▸ **Given data**
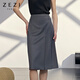 ZEZI彈力舒適羊毛半裙不對稱(chēng)高腰顯瘦半身裙時(shí)尚氣質(zhì)通勤裙休閑新 都市灰 M （105-115斤）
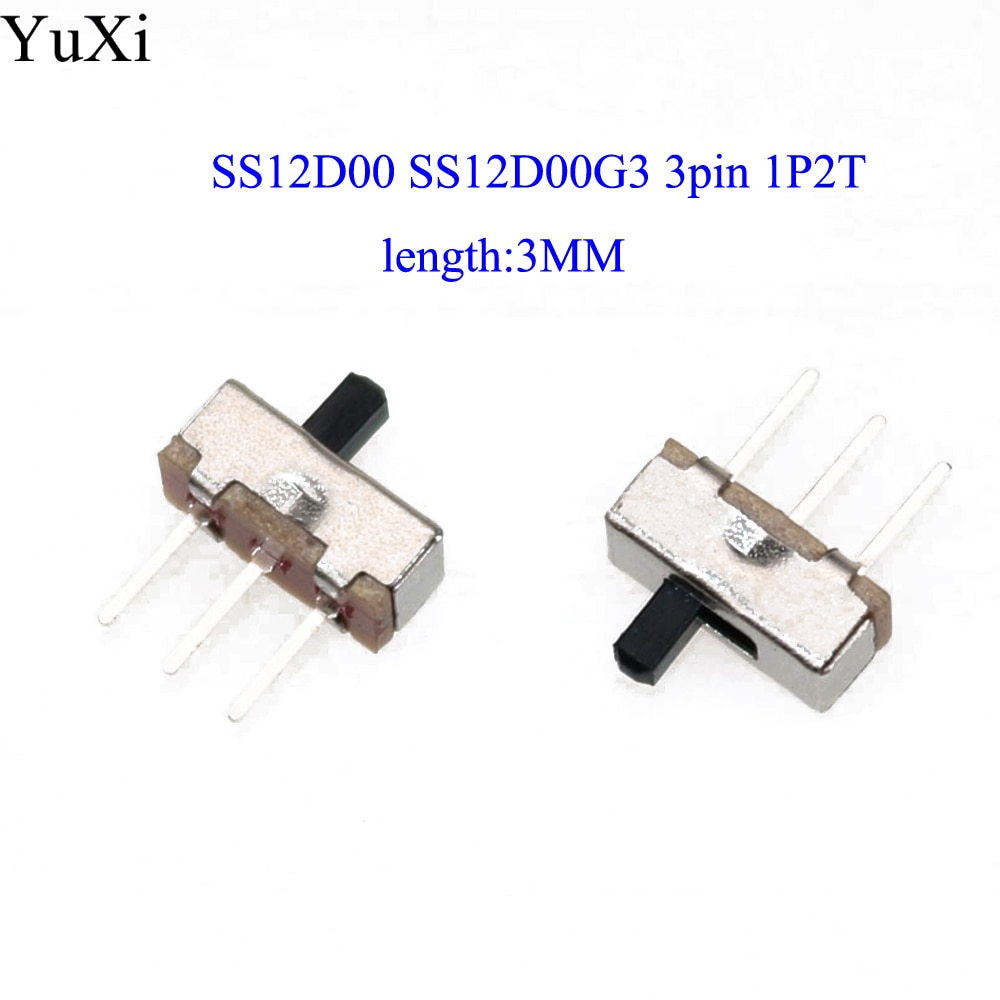 20Pcs Interruptor on-off mini Slide Switch SS12D00 SS12D00G3 3pin 1P2T 2 Position toggle switch Handle length:3MM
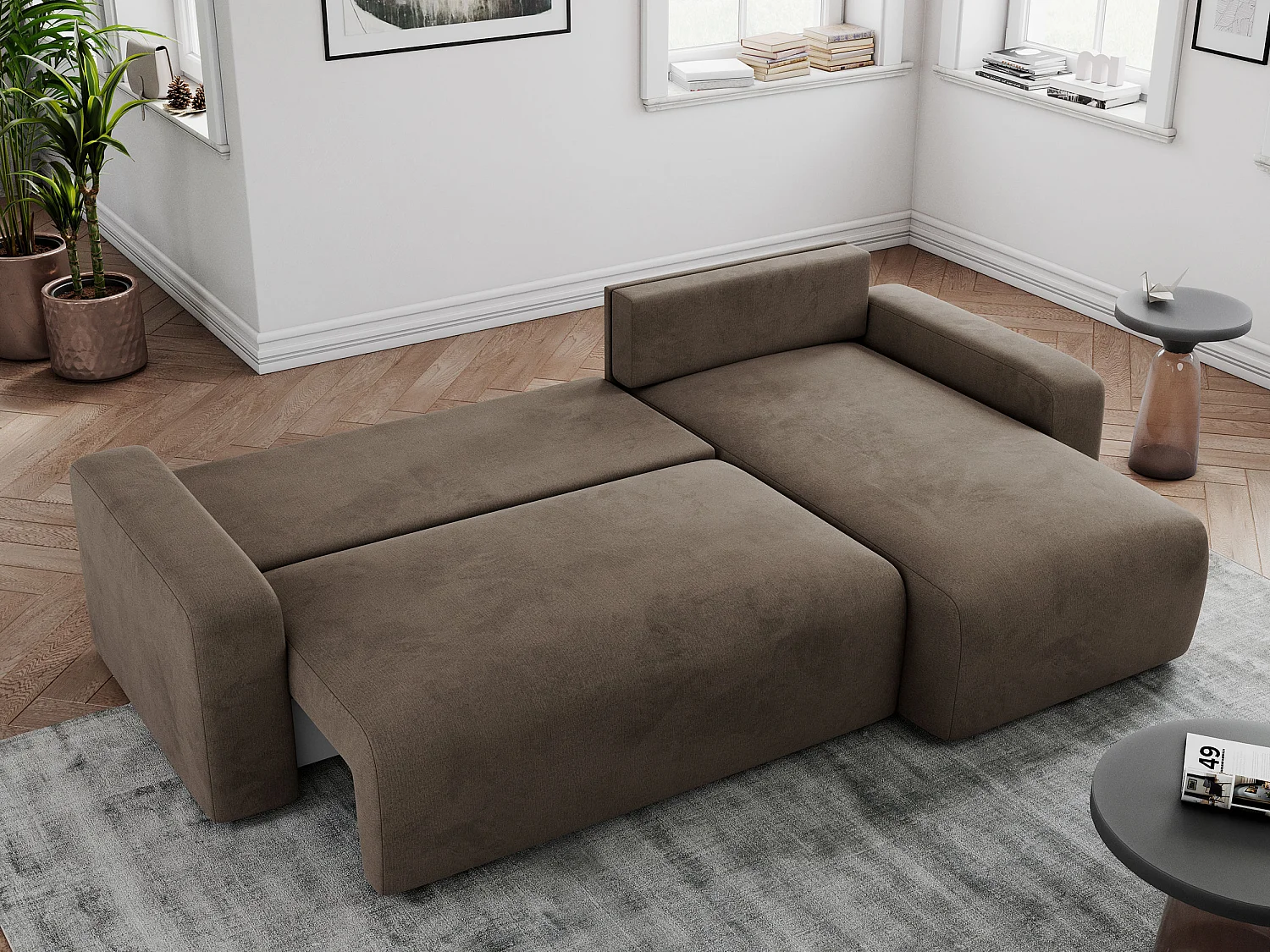 Ecksofa ARGOS - mit Schlaffunktion, Sofa mit armlehnen, Bettkasten, 3-Sitzer Sofa - Braun Velvet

▸ **Task statement**
Leave out the pictures, then return every line of the data exactly.

▸ **Solution to this exercise**
 ZEZI彈力舒適羊毛半裙不對稱(chēng)高腰顯瘦半身裙時(shí)尚氣質(zhì)通勤裙休閑新 都市灰 M （105-115斤）
 20Pcs Interruptor on-off mini Slide Switch SS12D00 SS12D00G3 3pin 1P2T 2 Position toggle switch Handle length:3MM
 Ecksofa ARGOS - mit Schlaffunktion, Sofa mit armlehnen, Bettkasten, 3-Sitzer Sofa - Braun Velvet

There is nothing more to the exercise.